Chief Justice of the Peshawar High Court
- In office 20 April 2024 – 13 February 2025
- Preceded by: Muhammad Ibrahim Khan

Justice of the Peshawar High Court
- In office 12 August 2016 – 14 February 2025

Personal details
- Born: 2 December 1969 (age 56) Khazana village in Peshawar District

= Ishtiaq Ibrahim =

Ishtiaq Ibrahim (born 2 December 1969) is a Pakistani jurist who has been Chief Justice of the Peshawar High Court, in office since 20 April 2024.
He currently serves as Justice of Supreme Court of Pakistan since 14 February 2025.

==Biography==
Ibrahim was born on 2 December 1969 in Khazana village in Peshawar District.

He completed his early education at University Public School, Peshawar in 1985 and pursued his secondary education at Government College Peshawar in 1987. Following this, he attended Government College Peshawar for his Bachelor of Arts degree. Later, he obtained his LLB from Khyber Law College in 1989 and 1992, respectively.

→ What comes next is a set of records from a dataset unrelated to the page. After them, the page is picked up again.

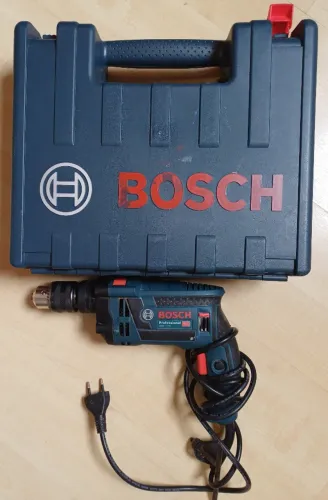 Furadeira de impacto reversível Bosch GSB 16 RE 127v 750w + maleta usada!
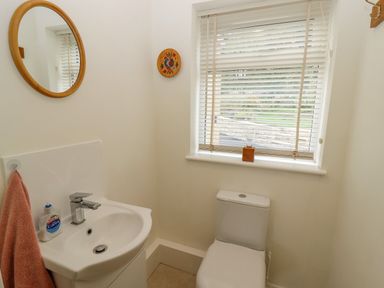 A small bathroom with a sink a mirror a toilet and a window with blinds at The Gables in Sheepscombe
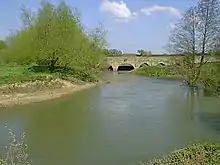 Au premier plan, une rivière aux rives basses avec quelques arbres. En arrière plan un pont de pierre dont on voit 3 arches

Ibrahim began his legal career by becoming an advocate of the District Courts on 18 May 1993, and advocate of the High Courts on 11 March 1995. He was appointed as a National Accountability Bureau (NAB) special prosecutor from 2001 to 2002.

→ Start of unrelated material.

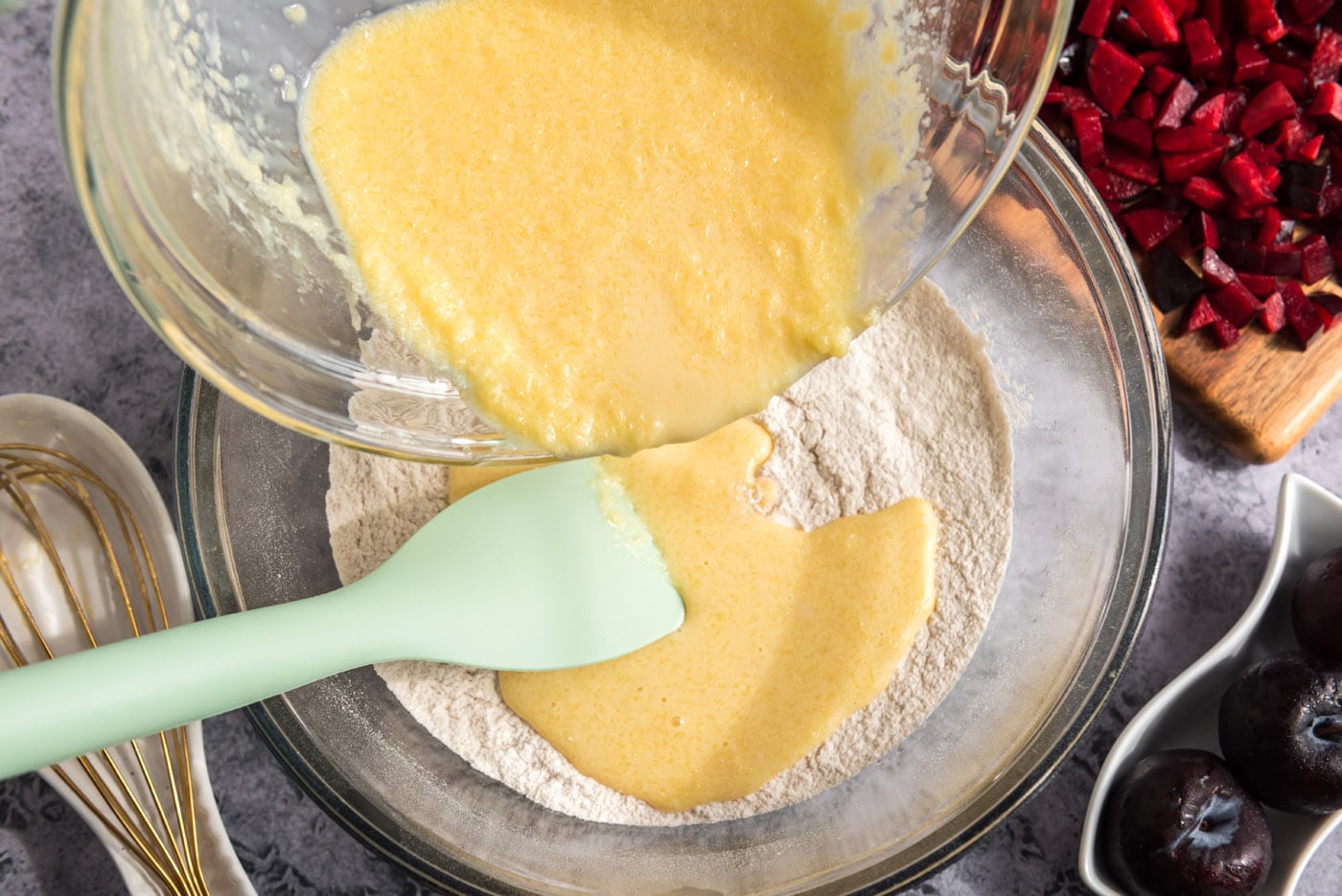 pouring egg mixture into dry ingredients for muffins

Later, he was enrolled as an Advocate of the Supreme Court of Pakistan on 26 September 2008.

His involvement in legal associations includes serving as Joint Secretary and later as General Secretary of the Peshawar High Court Bar Association from 1998 to 1999, and from 2007 to 2008, respectively. He also served as President of the Peshawar High Court Bar Association from 2013 to 2014.

He was appointed as an additional Justice of the Peshawar High Court on 12 August 2016. On 1 June 2018, he took oath as the permanent judge of the PHC.

On 13 April 2024, he was appointed as acting Chief Justice of the Peshawar High Court. He took oath as Chief Justice on 20 April 2024.